Le poème de Florence :   La parole est-elle une arme ?

Les blessures des mots sont des maux animés
Si l’animosité traverse la nature
Il laissera les traces d’une double fracture
Les bras en croix cloués du calvaire mimé

Et le verbe déchu de l’ange triomphant
A cloué au poteau tous les mots qui sont tus
Au fond d’une gorge desséchée par la soif
De crier, sangloter, plus fort qu’un oliphant

Sa flèche pointue a déchiré ton âme
Beaucoup plus sûrement qu’un torrent impétueux
La grimace du clown fait face aux gens sérieux
Et pour un mot gentil le fort tombe les armes

Et dira-t-on assez, cette force du non
Prononcé fermement, adossé à son droit
J’ai fait un paradis pour les mots à l’étroit
Ecris en épitaphe en réponse au canon.

(Rappel historique) : Le langage est le premier niveau médiatique dans une époque orale et empirique ; puis vient l’écrit et la diffusion par les livres.
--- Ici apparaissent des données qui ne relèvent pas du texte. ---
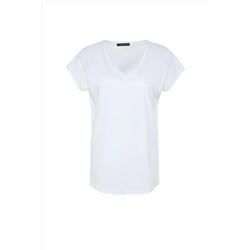 Beyaz Boyfriend V Yaka Yırtmaçlı %100 Pamuk Örme T-Shirt TBBSS22BF0036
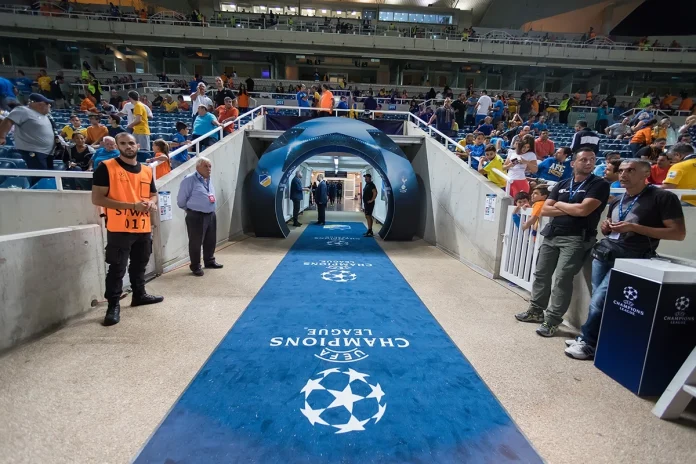 Liga Mistrzów - piłka logo tunel 2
Aujourd’hui l’image est le support de la parole; elle peut mentir autant que la parole ou l’écrit. Le but est de permettre de s’exprimer le plus authentiquement possible. L’évolution des techniques va modifier l’usage comme la réception de la parole. Dans l’Antiquité le théâtre est le lieu de la parole. Dans les années 1930,  Hitler, Goebbels, maîtrisent le discours à la radio. Après la guerre apparaît la télévision et le règne de l’image et aujourd’hui on assiste à une explosion de la communication par Internet. Les communications évoluent, et tous n’ont pas les mêmes moyens de parole : par exemple et nous voyons des campagnes électorales où les budgets affichent des écarts de 1 à 400. Où est la place réelle de la parole dans les choix électoraux ?
– Nous verrons des hommes célèbres changer le cours de l’histoire par leur don d’orateur ; ce sera entre autres, Démosthène avec Philippe de Macédoine, Robespierre qui parlait pendant des heures, Saint Just, puis au siècle passé, Jean Jaurès, dont la voix résonnait « comme une cloche de bronze ». Puis l’appel du 18 Juin du Général de Gaulle qui va créer la Résistance
– Mirabeau a dominé l’Assemblée constituante. Dans un procès il ridiculise Portalis ( le père du Code Napoléon). Il est la « force du Verbe ». Le Verbe est pour les croyants Dieu lui-même. On parle aussi de «parole d’évangile ». – Toute parole n’est pas « parole d’évangile », il appartient à celui qui l’écoute de définir la portée de cette parole que se veut parfois la vérité, politique ou religieuse, comme si la vérité n’était pas plurielle. Face à la Vérité unique, s’élève une voix et plusieurs qui font de la parole une autre arme ; non pour la guerre mais pour la Paix.
– La parole fut sacrée, elle conserve son sens premier dans la décision de Justice, comme dans l’exercice de la justice où l’on s’attache à donner la parole tant à l’accusateur, qu’à l’accusé. La Justice est un héritage de nos civilisations antérieures telles que les républiques romaines ou la Bible…
– Les avocats sont aussi la parole de ceux qui n’ont pas de parole. – Une parole n’est pas faite pour se faire plaisir. Elle pose question pour celui qui parle et pour celui qui écoute. Parler en philosophie c’est chercher des mots pour aller au plus près de la recherche de la vérité.  – La parole d’un individu évolue  au cours du temps : voir « les mots » de Sartre. Les mots prennent de la structure, de l’épaisseur, et de la personnalité. Cette évolution décrite par Sartre doit s’intégrer dans toutes les personnalités.
– Pour exister il faut souvent oser sa parole, même parfois oser dire non, c’est parce que nous osons dire non que nous pouvons exister au regard des autres. (Poème de Sarah Charlier)
– Pour les professionnels de la parole qui s’adressent à des gens qu’ils ne connaissent pas il faudrait dire : « il faut ne pas avoir honte de dire ce que l’on n’a pas honte de penser ».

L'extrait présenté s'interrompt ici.